Take the lines below from the one with "Basic-Zimmer, 1 Schlafzimmer" through the one with "image for item" and retype them exactly. Include nothing else, and no pictures.

## Material for this exercise
▶

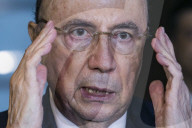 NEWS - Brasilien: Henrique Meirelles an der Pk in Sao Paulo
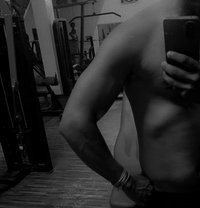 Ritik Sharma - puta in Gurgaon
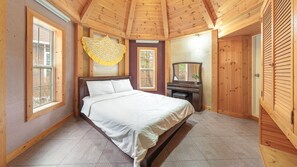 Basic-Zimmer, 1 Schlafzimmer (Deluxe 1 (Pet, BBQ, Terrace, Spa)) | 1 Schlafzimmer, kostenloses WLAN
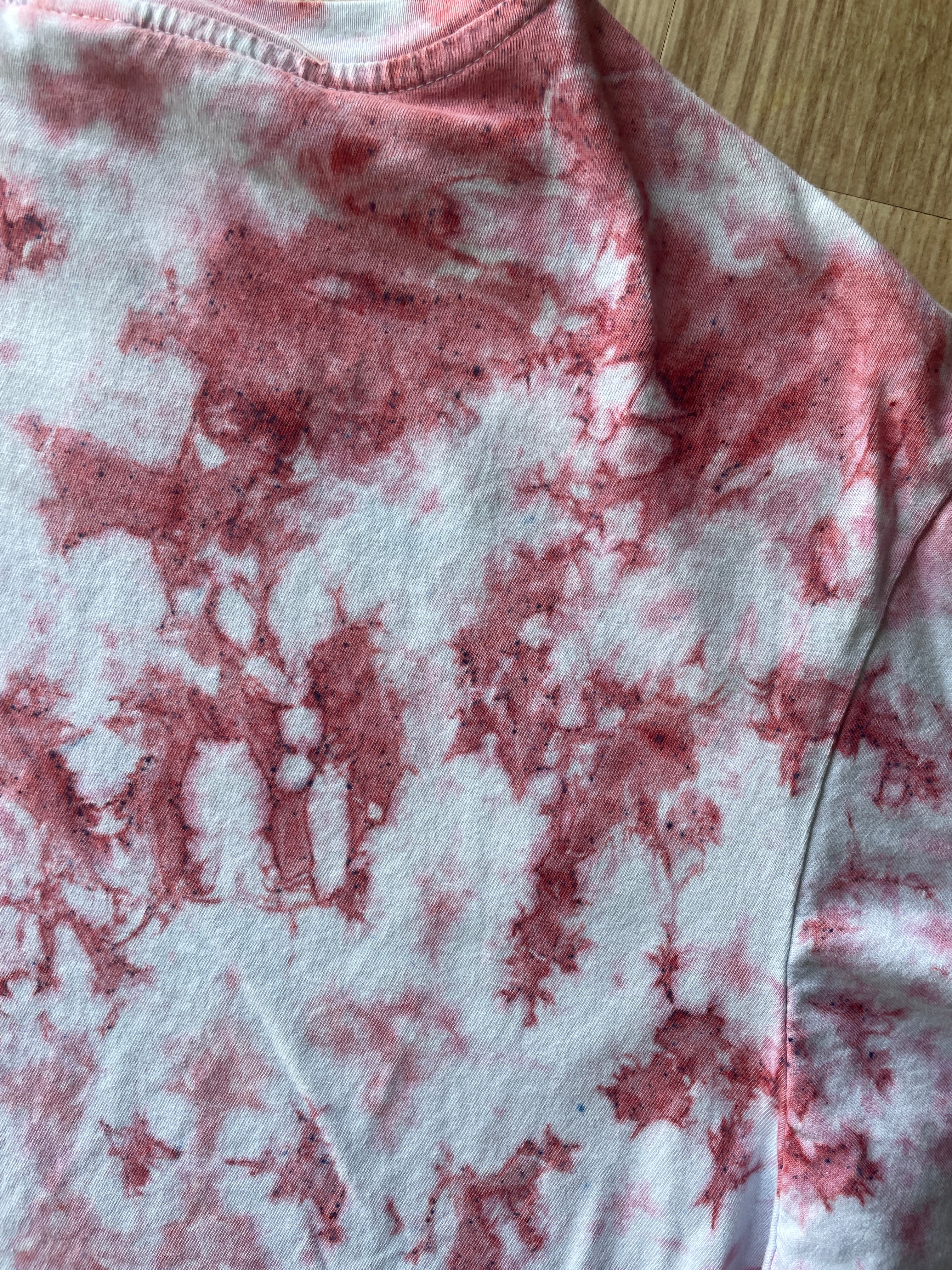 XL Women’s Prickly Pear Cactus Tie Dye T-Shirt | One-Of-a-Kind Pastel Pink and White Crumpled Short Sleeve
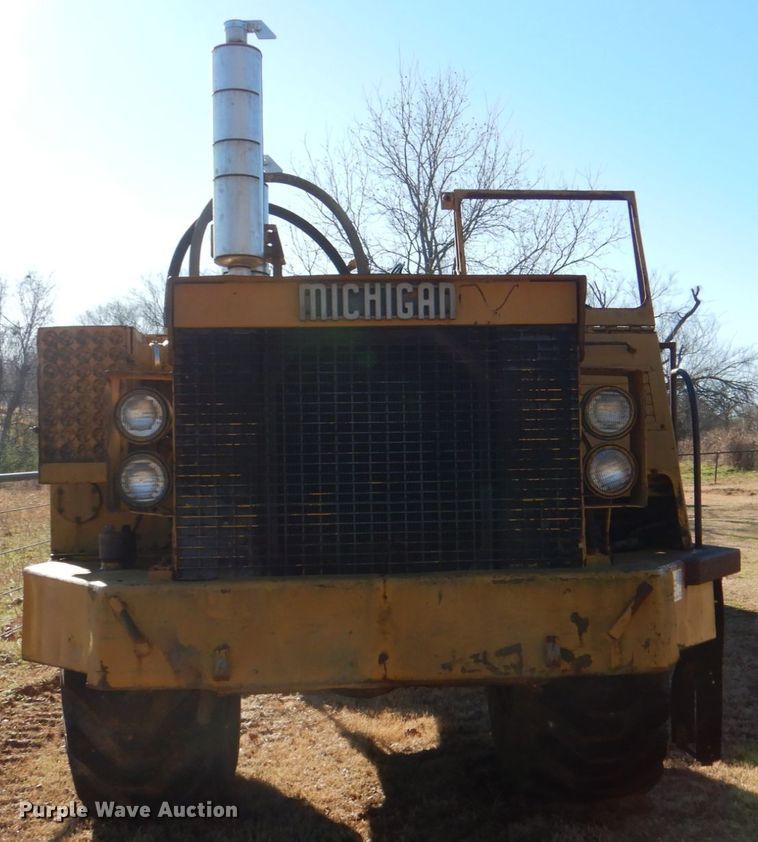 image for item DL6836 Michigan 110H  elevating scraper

◀
▶

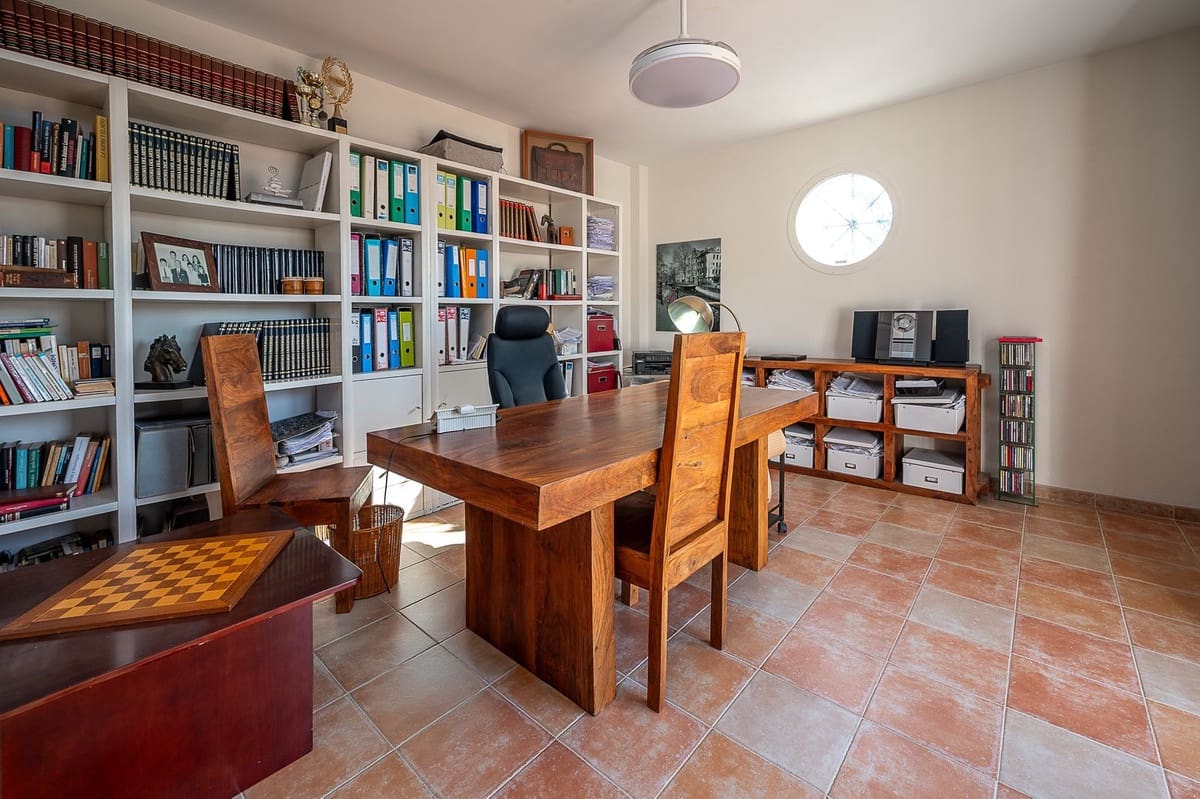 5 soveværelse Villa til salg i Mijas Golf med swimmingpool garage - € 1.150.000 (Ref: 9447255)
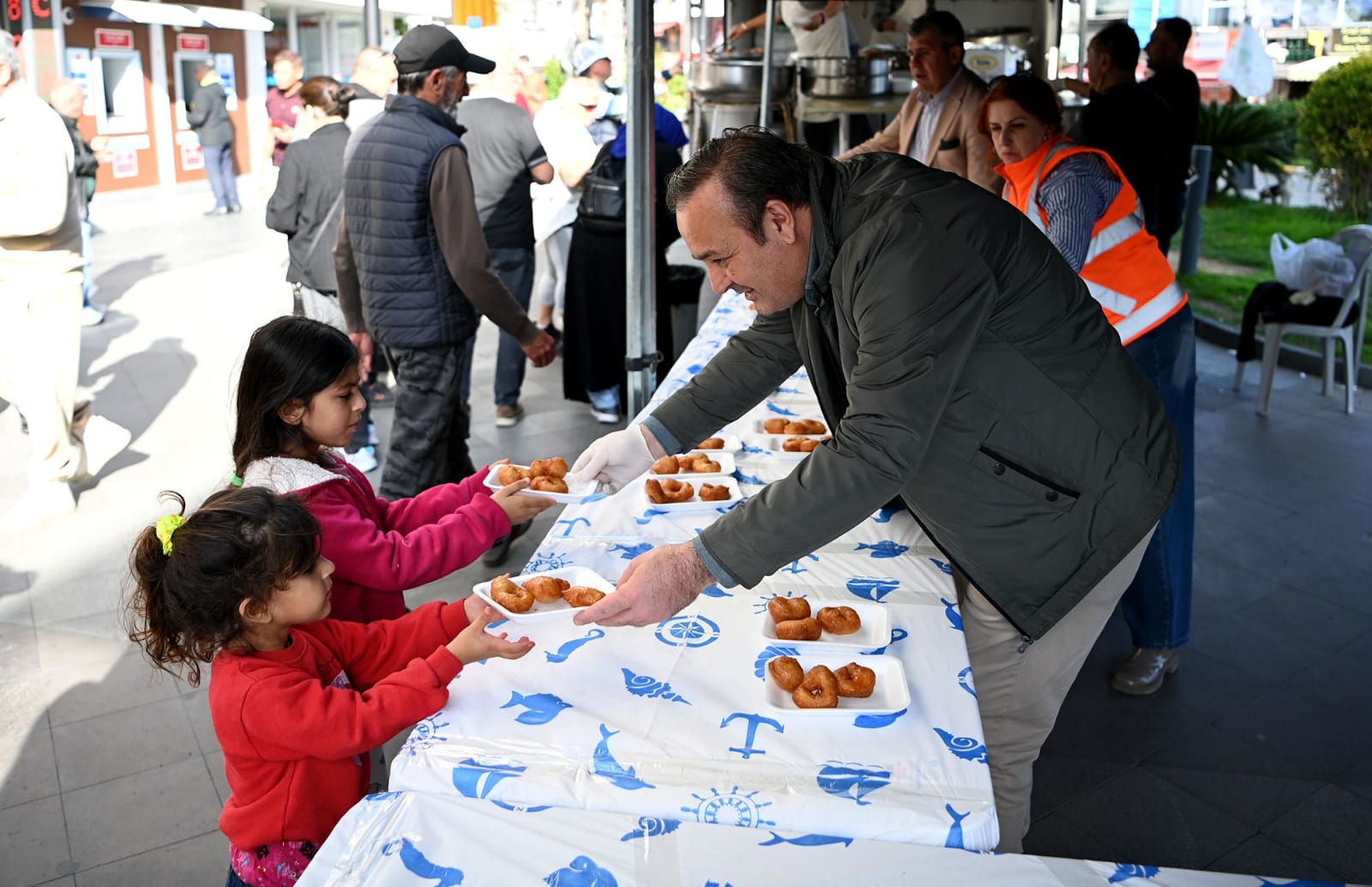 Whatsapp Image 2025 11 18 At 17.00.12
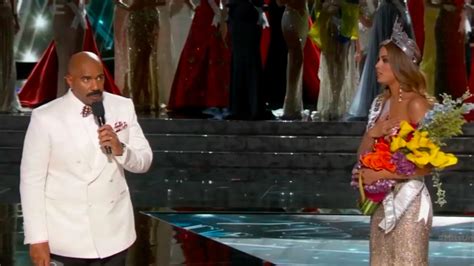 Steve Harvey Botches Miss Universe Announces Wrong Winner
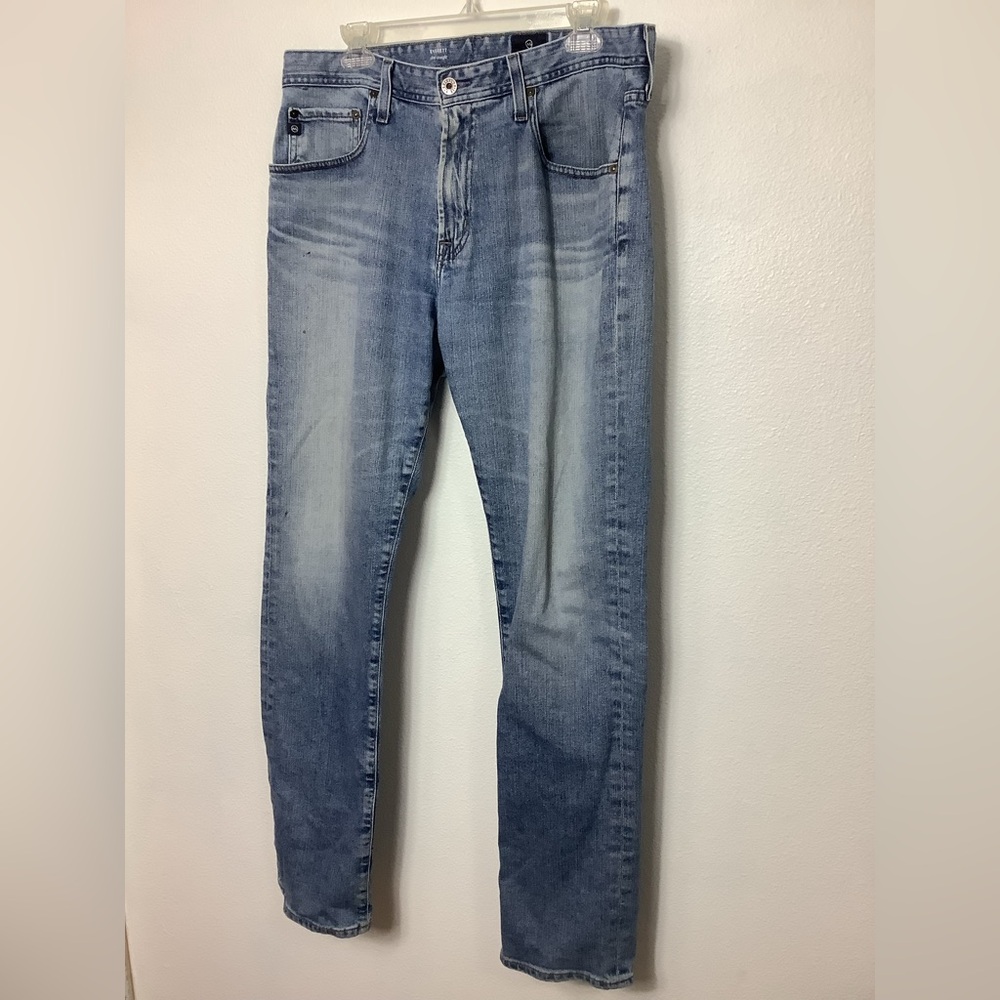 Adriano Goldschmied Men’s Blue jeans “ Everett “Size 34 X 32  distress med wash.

◀

## Result
 Basic-Zimmer, 1 Schlafzimmer (Deluxe 1 (Pet, BBQ, Terrace, Spa)) | 1 Schlafzimmer, kostenloses WLAN
 XL Women’s Prickly Pear Cactus Tie Dye T-Shirt | One-Of-a-Kind Pastel Pink and White Crumpled Short Sleeve
 image for item DL6836 Michigan 110H  elevating scraper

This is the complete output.